Creating a new ServiceNow ticketing connection for your Remediation Projects

ServiceNow integration does not require the ServiceNow Vulnerability Response module.

  1. Click the Projects tab.
  2. On the Remediation Projects page, click Add a ticketing connection.
  1. On the Settings > Connections view, click the ServiceNow ticketing option in the ticketing area.
  2. On the Connection Settings page, enter the URL of your ServiceNow server and the credentials to an account with the required permissions.
  1. Click Solution Status Mapping to map one or more ServiceNow issues statuses to one of the following Remediation Project statuses. ServiceNow status updates will trigger the remediation solution status to update to one of the following, depending on mapping:
    • Awaiting Verification - The remediator has taken action to mitigate the vulnerability and is now awaiting verification, the vulnerability no longer exists, or the remediation failed.
    • Will Not Fix - The item cannot be remediated.

NOTE

Changing the status of a ServiceNow ticket can change the status of a remediation solution, but changing the solution status will not change a ServiceNow ticket's status.
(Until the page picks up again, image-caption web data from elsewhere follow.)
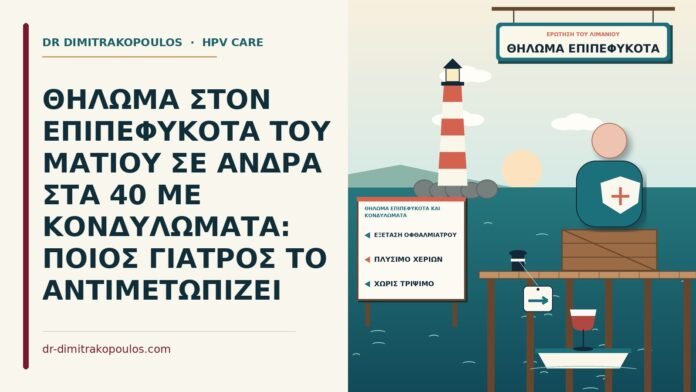 ΘΗΛΩΜΑ ΣΤΟΝ ΕΠΙΠΕΦΥΚΟΤΑ ΤΟΥ ΜΑΤΙΟΥ ΣΕ ΑΝΔΡΑ ΣΤΑ 40 ΜΕ ΚΟΝΔΥΛΩΜΑΤΑ: ΠΟΙΟΣ ΓΙΑΤΡΟΣ ΤΟ ΑΝΤΙΜΕΤΩΠΙΖΕΙ θήλωμα επιπεφυκότα και κονδυλώματα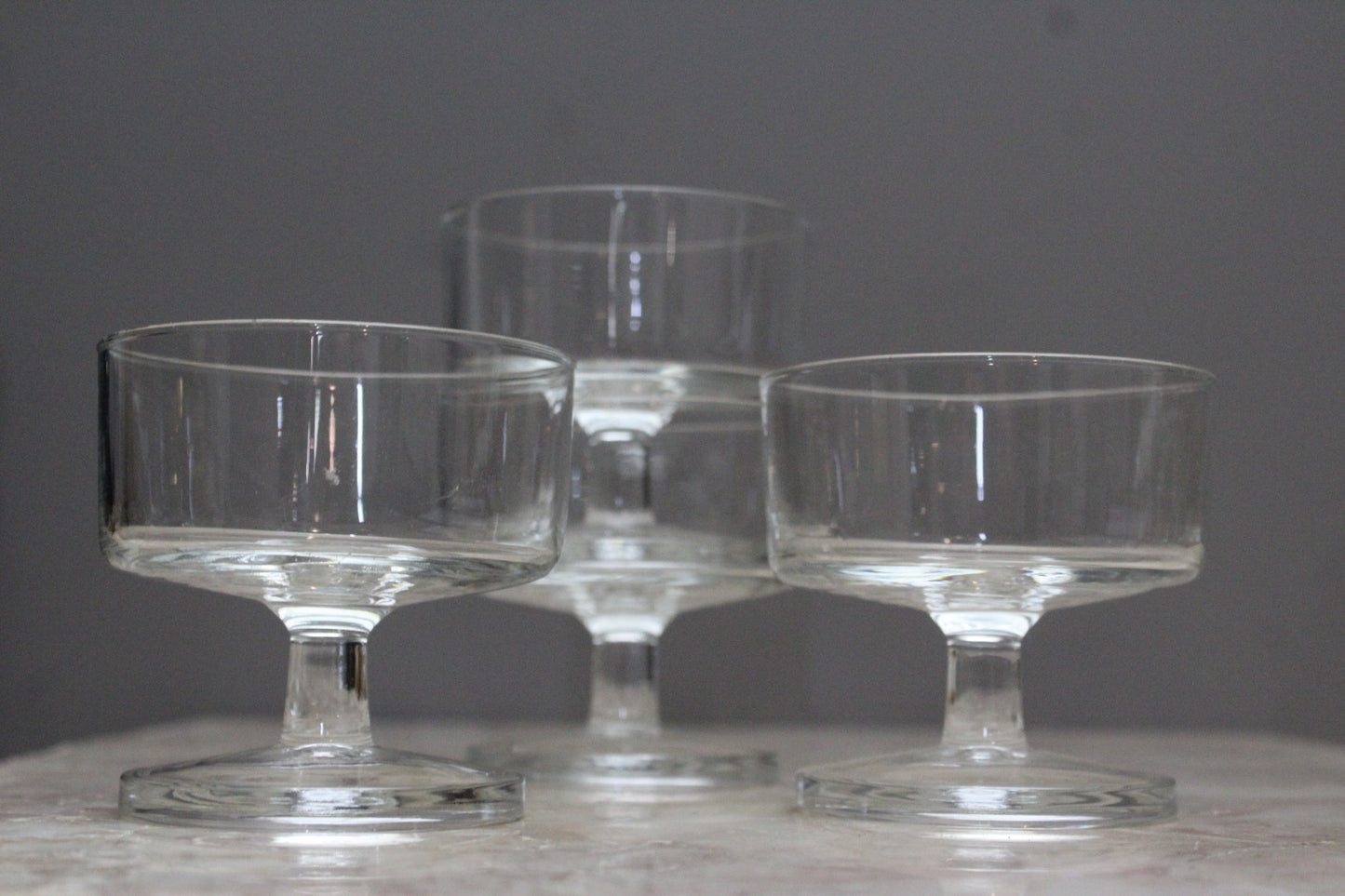 Set 4 Glass Dessert Ice Cream Bowls - Kernow Furniture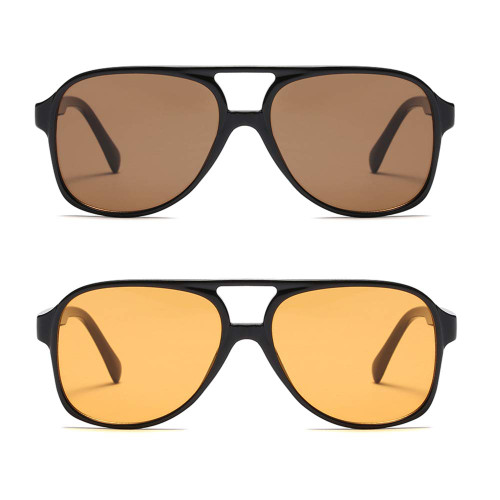 Freckles Mark Vintage Retro 70s Sunglasses for Women Men Classic Large Square Aviator Trendy Glasses (Yellow & Brown)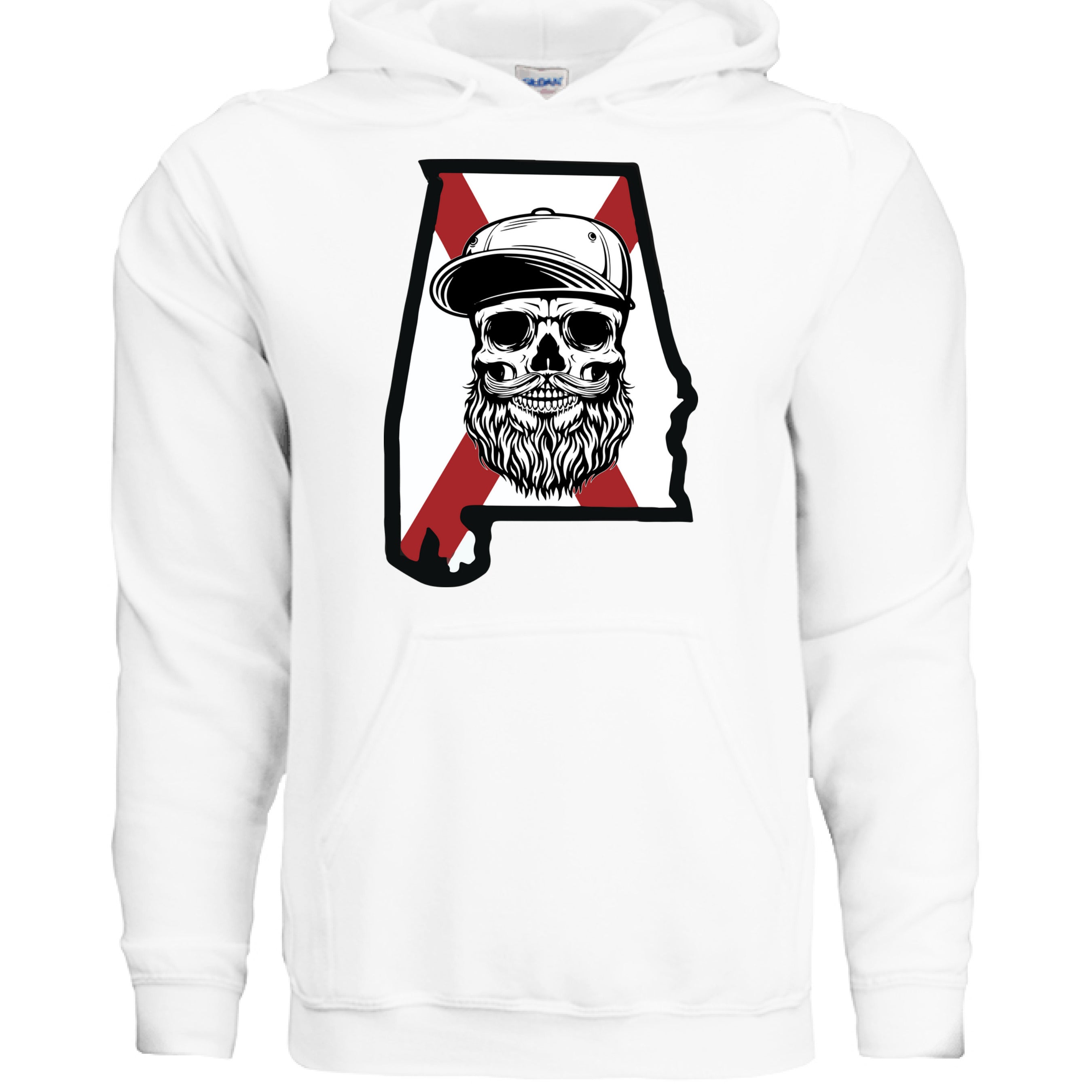 Alabama Bearded Skull Hoodie Southern Pride for the Bearded Legend WHITE - FRONT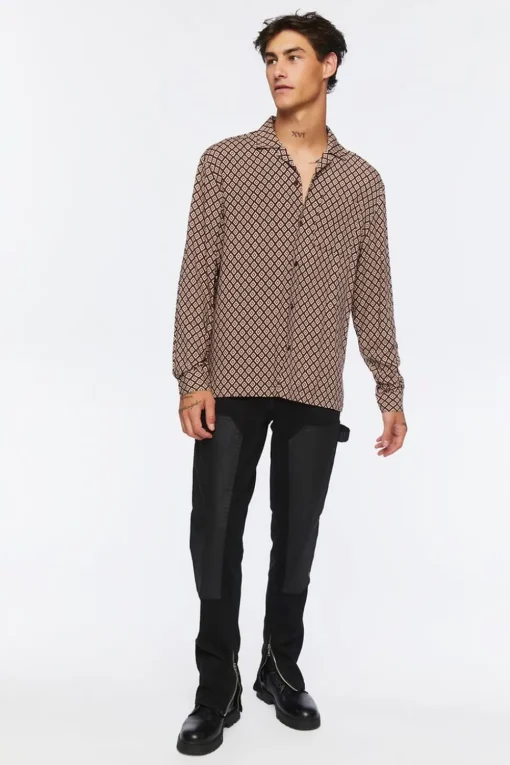 Geo Print Long-Sleeve Shirt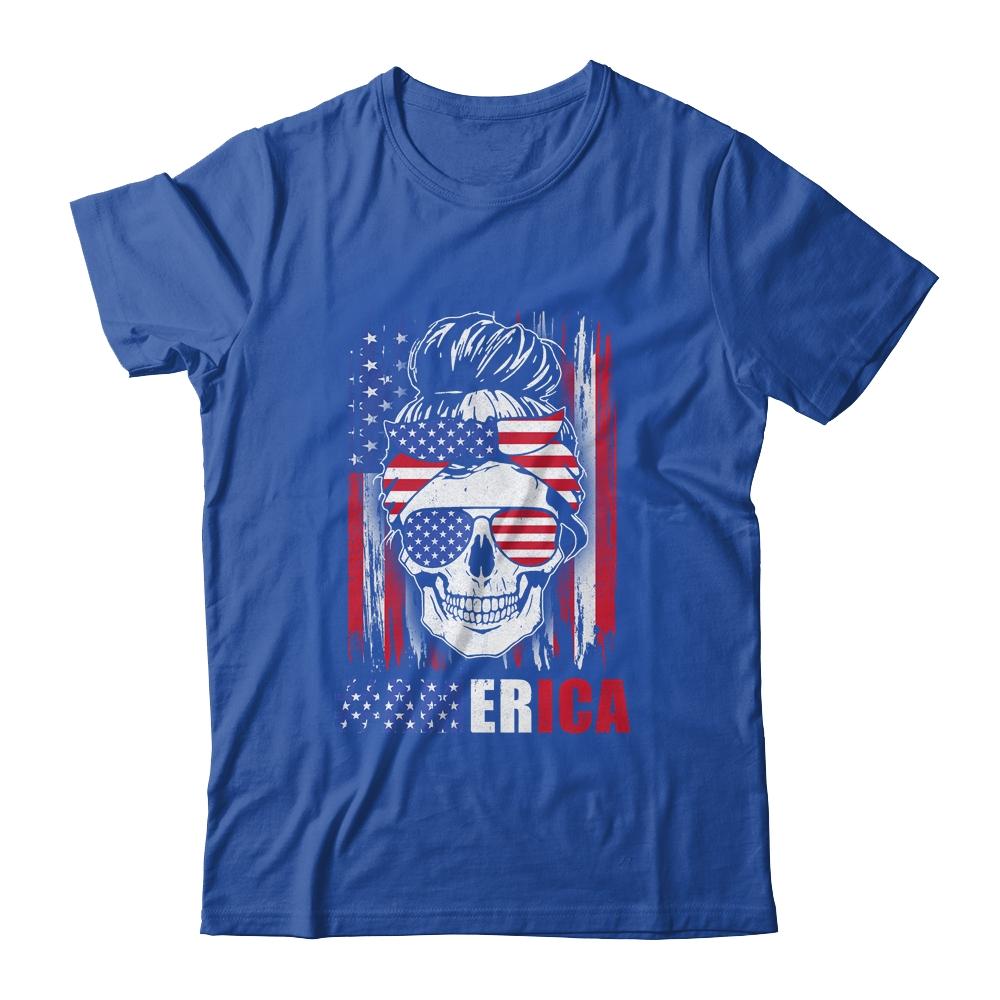 America Messy Bun Hair Skull 4th Of July American Flag Women-T-Shirt & Tank Top-Classic T-Shirt-Royal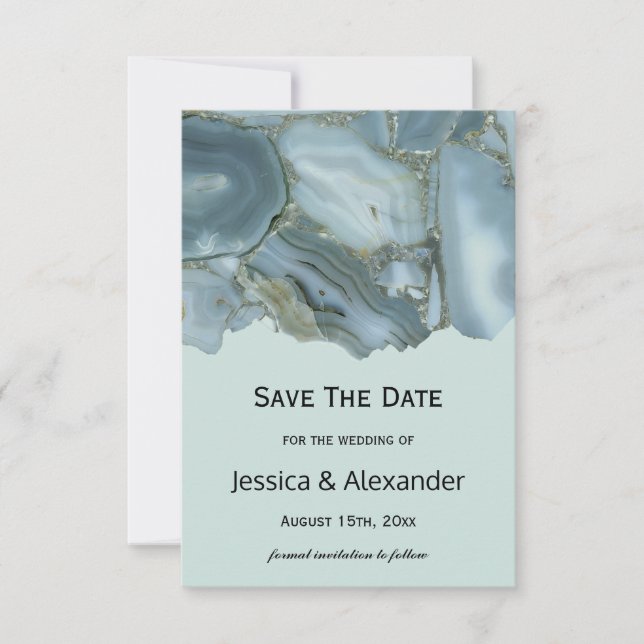 Classy Marble Save the Date Hochzeit (Vorderseite)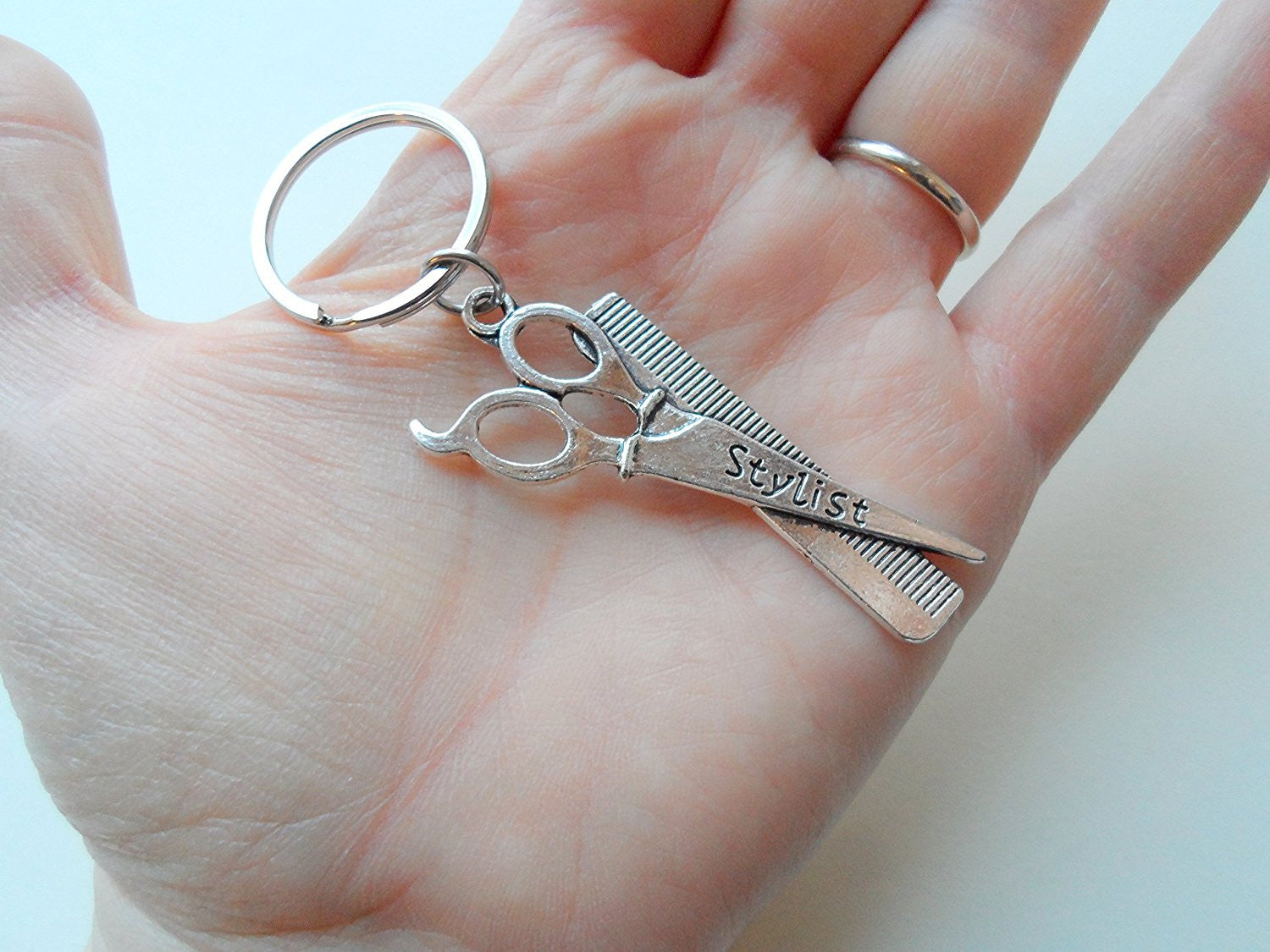 Hair Stylist Scissors and Comb Charm Keychain JewelryEveryday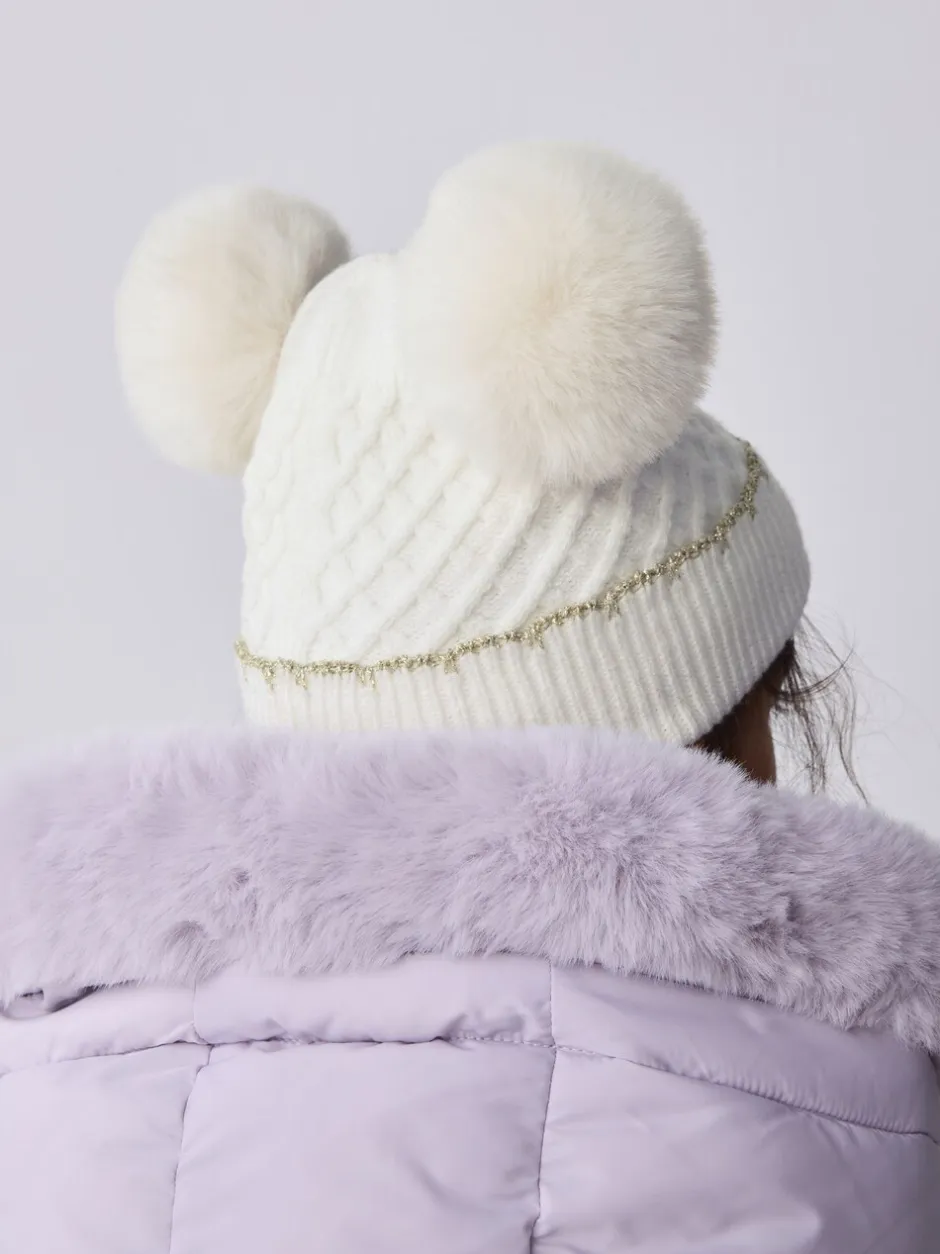 Mutsjes En Antikrabwantjes|Mutsen, Handschoenen En Sjaals*Baker by Ted Baker - - Set van muts met dubbele pompon en oren en wanten voor meisjes Crème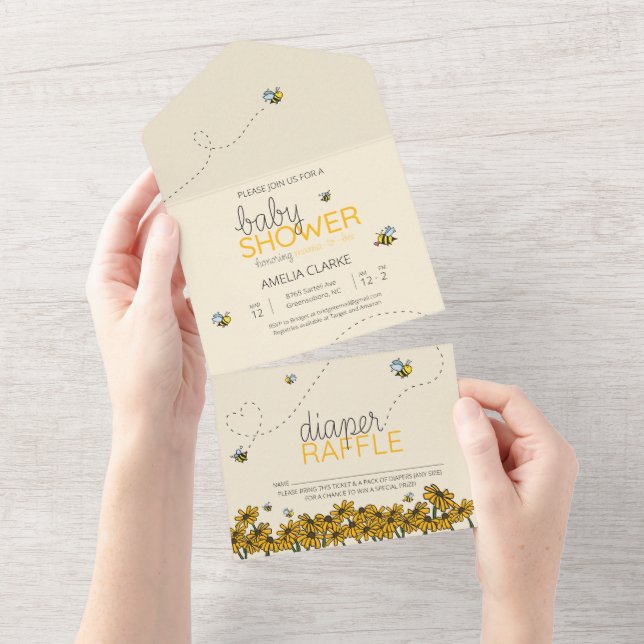 New Mama-to-bee Shower Invite + Diaper Raffle Card (Tearaway)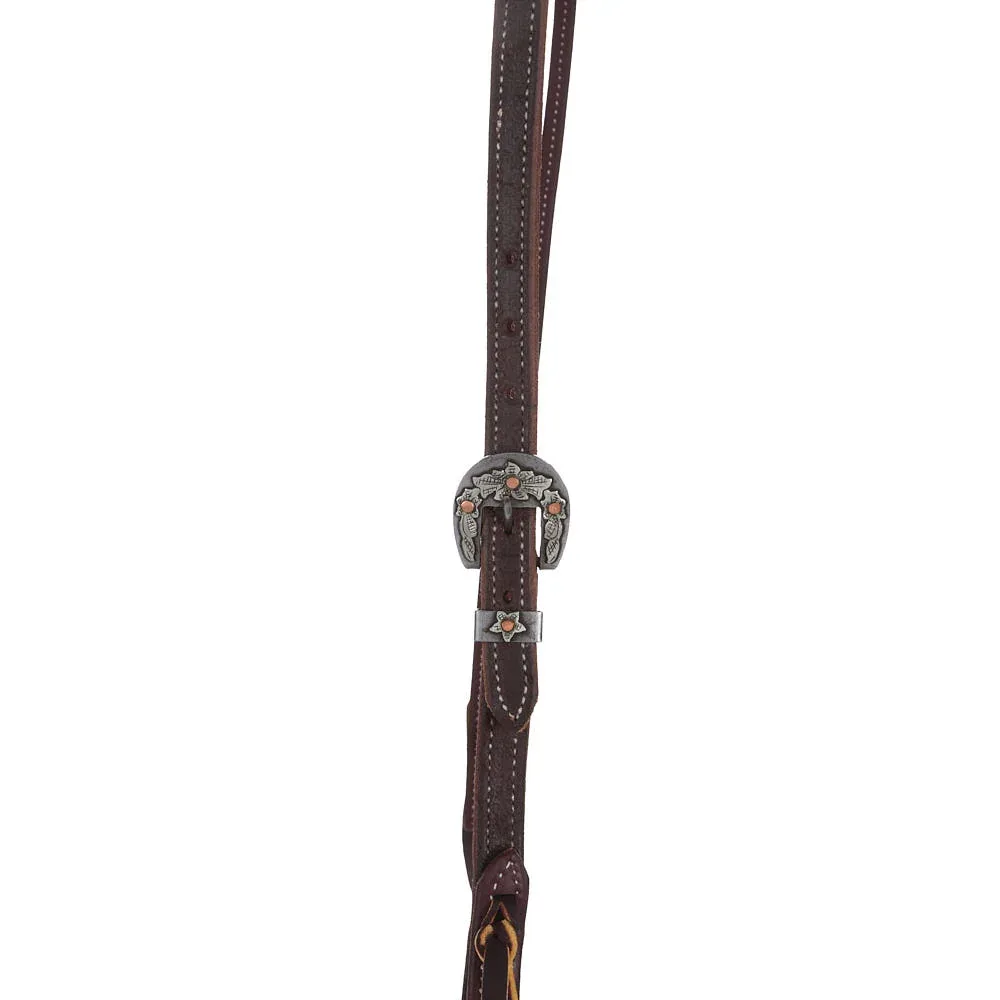 NRS Tack 3/4in Chocolate Roughout Split Headstall with Floral Heel Buckles - Image 2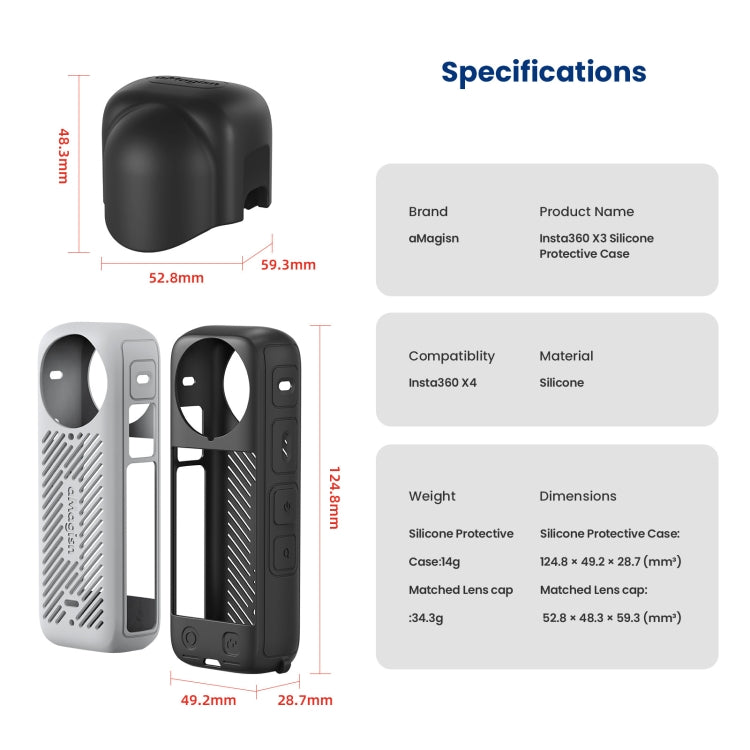 For Insta360 X4 AMagisn Silicone Protective Cover Body Case Black - free shipping - PMC TechLife - Order now!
If a remediation solution has multiple tickets with different solution statuses, tickets with “Awaiting verification” status will be prioritized first.

For example, imagine that a remediation solution has 2 tickets, A and B. The status mapped to Awaiting Verification field is “Done,” while the status mapped to the Will Not Fix field is “In Progress.” If the status of Ticket A is set to “Done,” and the status of Ticket B is set to “Canceled,” then the remediation solution status is set to “Awaiting verification,” because an employee needs to verify the status of Ticket A.

  1. Click Configurations, and then click New Configuration. The ticketing template wizard opens to the Ticketing Connection page. The ticketing template wizard has three pages:

Complete the Ticketing Connection page to select the ServiceNow incident for automated ticketing and the type of work item that you want to create, e.g Task. The available Issue Types are based on the Project Name that you select. Click Next to continue to the Ticketing Project and Field Mapping page.

Complete the Ticketing Project and Field Mapping page to draft a template of the ticket that you generate from your Remediation Project. You can configure how concise or detailed you want the summary and description to be with variables for information, such as a solution name ($SOL_NAME), asset list ($ASSET_NAME_LIST), and other data related to your vulnerability scans. Click the Syntax Help button to open a dictionary that lists all of the supported placeholders. Click Next to continue to the Assignment Rules page.

Complete the Assignment Rules page to create rules for assigning automatically generated tickets to your team based on factors like the ownership of assets and the expertise of the assignees. The list of rules ordered by preference. Every ticket is assigned based on the first rule whose asset filter conditions are satisfied. If no rule is matched, the incident is assigned to the Default Assignee. Click on the +New Rule button to create additional rules.

  1. When you are done creating all of the necessary rules, click Save and exit from the ticketing wizard.

Editing a ticketing connection for Remediation Projects

To edit a ticketing connection:

  1. Click the Management tab.
  2. Click Edit for the ticketing connection that you want to edit.
  3. Edit the Connection Settings, Solution Status, and Configuration pages as necessary.